Now, recalculate an ANOVA F-test with only the supplement variable. An ANOVA F-test between two categories is the same as performing a 2-tailed t-test! So, the p-value in the table should be identical to your calculation above.

> Note: there may be a small fractional difference (>0.001) between the two values due to a rounding error between implementations. 

In [5]:
# Your code here; conduct an ANOVA F-test of the oj and vc supplement groups.
# Compare the p-value to that of the t-test above. 
# They should match (there may be a tiny fractional difference due to rounding errors in varying implementations)

# Fit a one-way ANOVA model with only supplement
model_supp = ols('len ~ C(supp)', data=df).fit()

# Generate the ANOVA table
anova_supp = sm.stats.anova_lm(model_supp, typ=2)
print("ANOVA results for supplement only:")
print(anova_supp)

# Compare p-value to t-test
t_test_p_value = p_value  # From previous t-test
anova_p_value = anova_supp['PR(>F)'][0]
print(f"\nT-test p-value: {t_test_p_value:.4f}")
print(f"ANOVA p-value: {anova_p_value:.4f}")

ANOVA results for supplement only:
               sum_sq    df         F    PR(>F)
C(supp)    205.350000   1.0  3.668253  0.060393
Residual  3246.859333  58.0       NaN       NaN

T-test p-value: 0.0604
ANOVA p-value: 0.0604


## Run multiple t-tests

While the 2-category ANOVA test is identical to a 2-tailed t-test, performing multiple t-tests leads to the multiple comparisons problem.

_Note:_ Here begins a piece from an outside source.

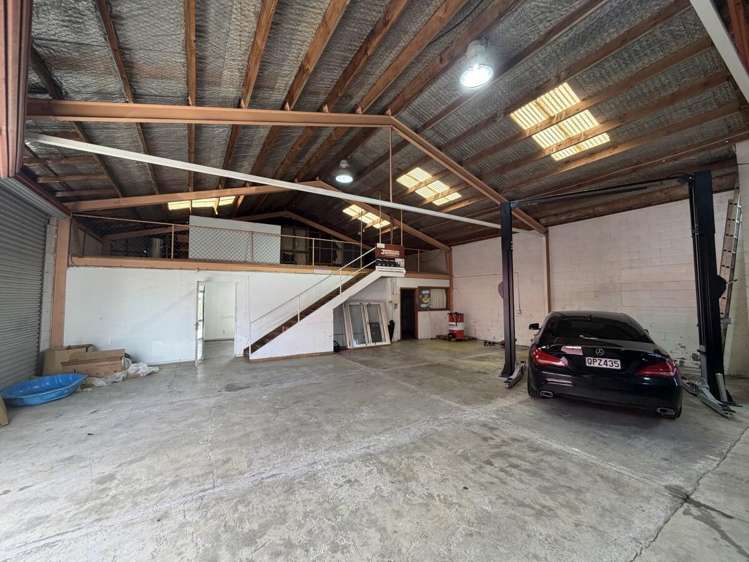 4113 Great North Road Glen Eden_5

To investigate this, look at the various sample groups you could create from the 2 features: 

In [10]:
for group_name, group_data in df.groupby(['supp', 'dose']):
    print(group_name)
    

('OJ', 0.5)
('OJ', 1.0)
('OJ', 2.0)
('VC', 0.5)
('VC', 1.0)
('VC', 2.0)


While bad practice, examine the effects of calculating multiple t-tests with the various combinations of these. To do this, generate all combinations of the above groups. For each pairwise combination, calculate the p-value of a 2-sided t-test. Print the group combinations and their associated p-value for the two-sided t-test.

In [None]:
# Your code here; reuse your t-test code above to calculate the p-value for a 2-sided t-test
# for all combinations of the supplement-dose groups listed above. 
# (Since there isn't a control group, compare each group to every other group.)
# Calculate the 2-sided p-value for a t-test comparing the two supplement groups
from itertools import combinations
from scipy.stats import ttest_ind

# Get unique group combinations based on supp and dose
groups = df.groupby(['supp', 'dose'])['len']
group_names = [group[0] for group in groups]
group_data = {group[0]: group[1] for group in groups}

# Generate all pairwise combinations
pairwise_combinations = list(combinations(group_names, 2))

# Perform t-tests for each pair
print("Pairwise t-test results:")
for group1, group2 in pairwise_combinations:
    data1 = group_data[group1]
    data2 = group_data[group2]
    t_stat, p_value = ttest_ind(data1, data2, equal_var=True)
    print(f"{group1} vs. {group2}: P-value = {p_value:.4f}")

## Summary

In this lesson, you implemented the ANOVA technique to generalize testing methods to multiple groups and factors.